Les choix de casting renforcent également l’impact émotionnel du film. Ibrahima Mbaye incarne avec une intensité rare le personnage de Massamba, dont la détermination à protéger sa fille transcende les chaînes visibles et invisibles de l’esclavage. Thiandoum Anna Diakhere, qui joue Mati, apporte une fraîcheur et une profondeur à son rôle de jeune femme prête à braver l’inimaginable pour échapper à l’oppression. Quant à Camille Cottin, son interprétation de Madame La Victoire, une chasseuse d’esclaves, est glaçante, rappelant que l’Histoire est aussi façonnée par des figures antagonistes.
Ni chaînes ni maîtres s’attaque de front à une mémoire historique longtemps marginalisée dans le cinéma français. Là où Hollywood a depuis longtemps exploré les récits de l’esclavage, cette œuvre s’aventure sur un terrain encore peu défriché dans l’Hexagone. Inspiré des recherches d’historiens tels qu’Amédée Nagapen, le film parvient à équilibrer fidélité historique et narration dramatique, offrant ainsi une réflexion nuancée sur les luttes des esclaves marrons.

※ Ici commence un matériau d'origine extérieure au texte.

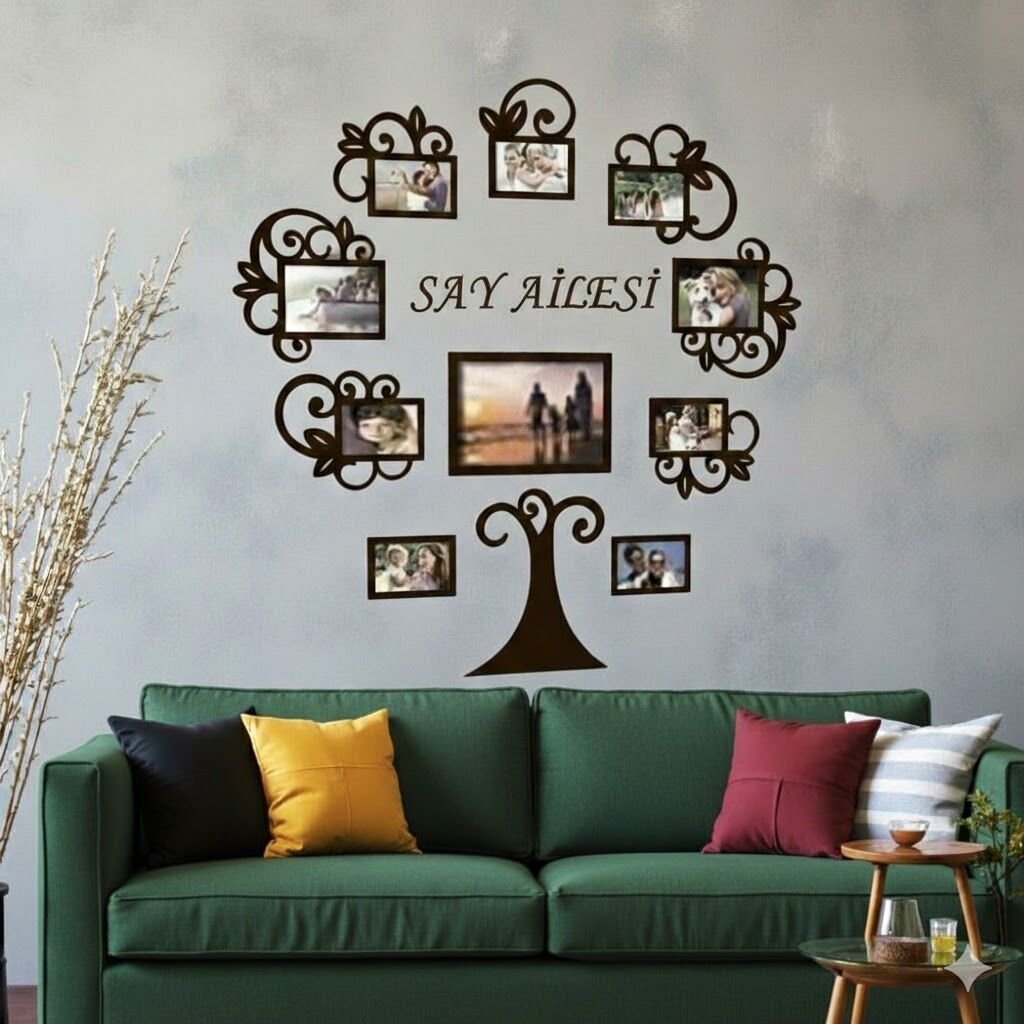 Duvarı Süsleyen Aile Ağacı Fotoğraf Çerçevesi Aile Ağacı Duvar Dekoru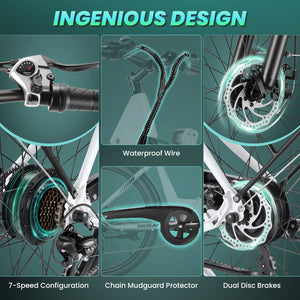 Gocio Peak 750W Electric Bike For Adults, 26" x 2.1" Step Thru Electric Bicycle, 48V 499Wh Waterproof Battery, Lockable Suspension Fork, LCD, Cruiser Ebike, Max 19.8Mph Commuter E-Bike UL2849 - GOCIO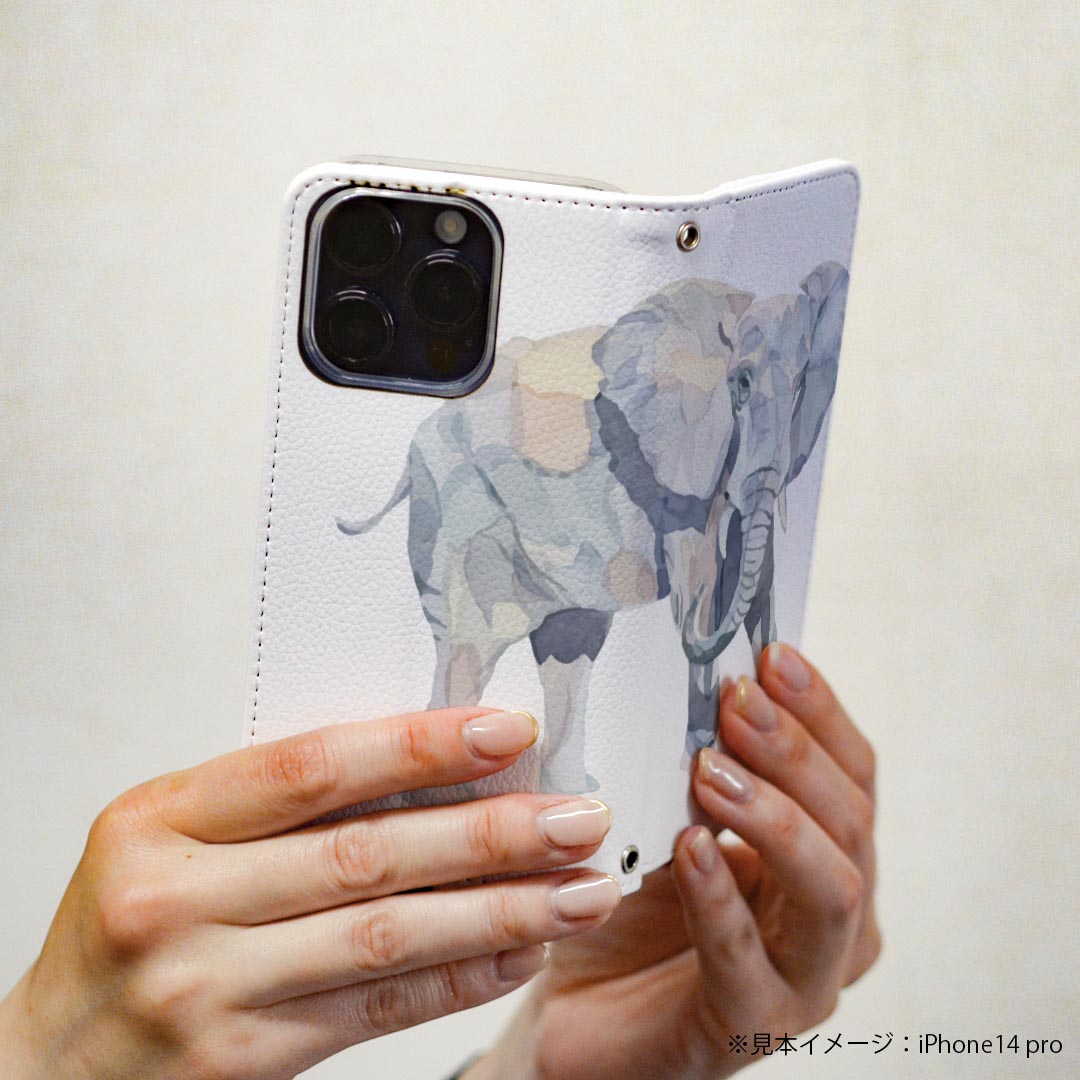 Xperia XZ2 SO-03K エクスペリア XZ2 専用 ケース カバー 手帳型 マグネット式 ピタッと閉まる レザーケース so03k カード収納 ポケット igcase 017544 ゾウ　像　アニマル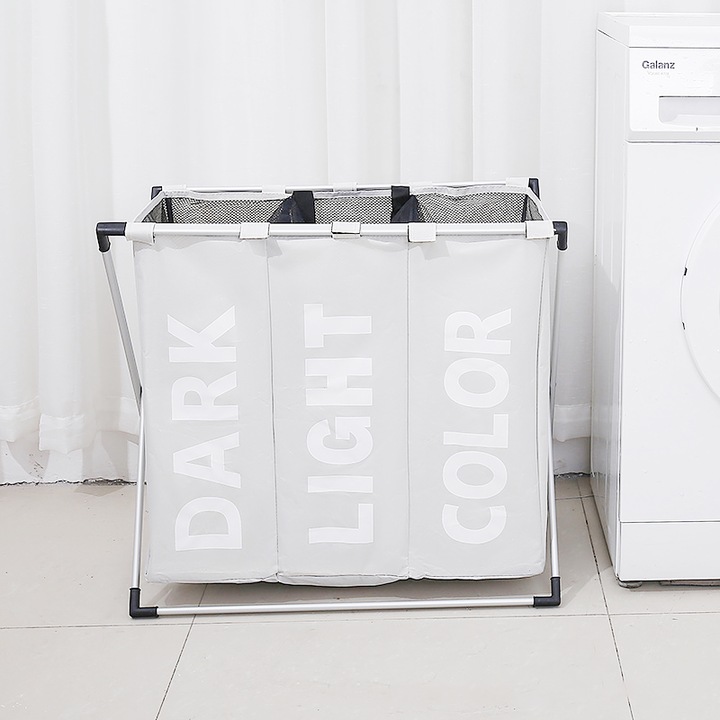 Cos de rufe Luka, 3 compartimente, alb, 65x61x37cm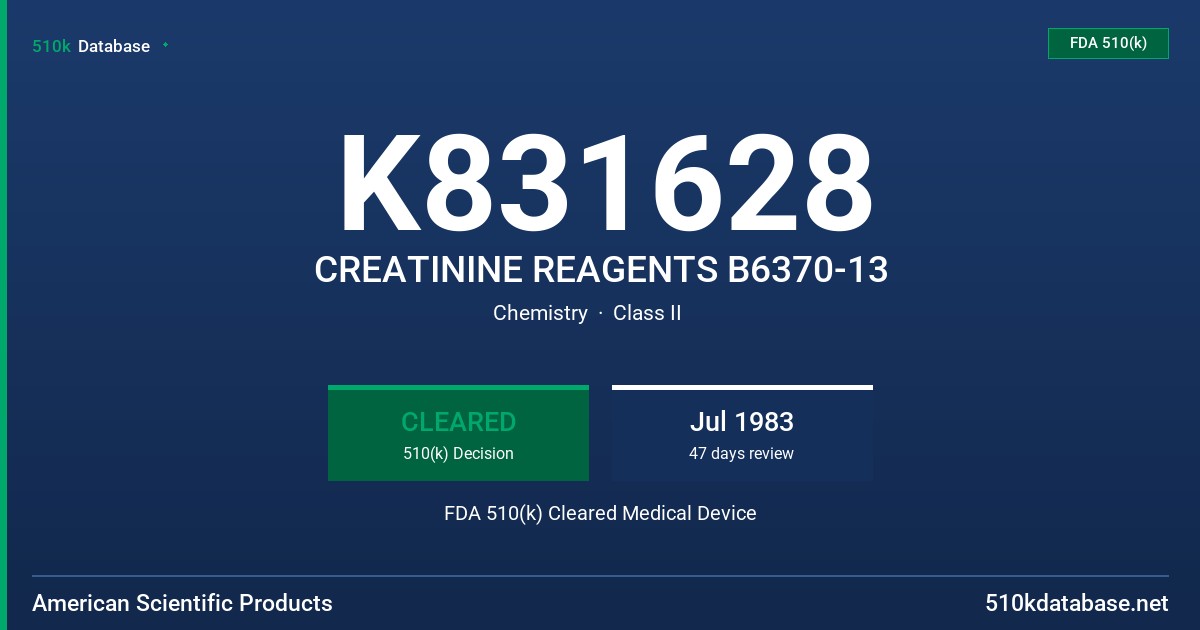 K831628 CREATININE REAGENTS B6370-13 FDA 510(k) Cleared Medical Device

Le film ne se contente pas de raconter l’Histoire ; il résonne avec des débats contemporains sur les inégalités, la mémoire coloniale et la place des récits afrodescendants dans les arts. En centrant son récit sur des personnages noirs, Ni chaînes ni maîtres inverse les perspectives traditionnelles, rappelant que les esclaves n’étaient pas de simples victimes, mais aussi des acteurs de leur propre libération.
Dès sa sortie, le film a enregistré des performances prometteuses au box-office, attirant 13 338 spectateurs dès le premier jour et accumulant 119 285 entrées la première semaine. Ces chiffres témoignent de l’appétit du public pour des œuvres qui explorent des sujets complexes et émotionnellement riches. Sa sélection à Deauville et sa diffusion dans d’autres festivals prestigieux confirment son statut de production majeure.
L’œuvre a également suscité des discussions en dehors des salles obscures. Des universitaires, comme Emmanuel Garnier du CNRS, ont salué son approche quasi-documentaire, tandis que des activistes ont souligné son rôle dans la déconstruction des récits eurocentrés.
Ni chaînes ni maîtres est bien plus qu’un film. C’est une invitation à réfléchir sur les héritages du passé et leur résonance dans le présent. En plongeant dans une période sombre de l’Histoire, il illumine les luttes pour la dignité et la liberté, rappelant que ces combats ne sont pas confinés au passé.
En conclusion, ce premier long métrage de Simon Moutaïrou marque un tournant dans le cinéma français. Par sa puissance visuelle, sa narration engagée et ses performances inoubliables, Ni chaînes ni maîtres se positionne comme une œuvre essentielle pour quiconque s’intéresse à l’Histoire et à l’humanité.
Ce film, disponible en VOD, mérite d’être vu, discuté et célébré pour ce qu’il est : un cri de liberté et une leçon d’espoir.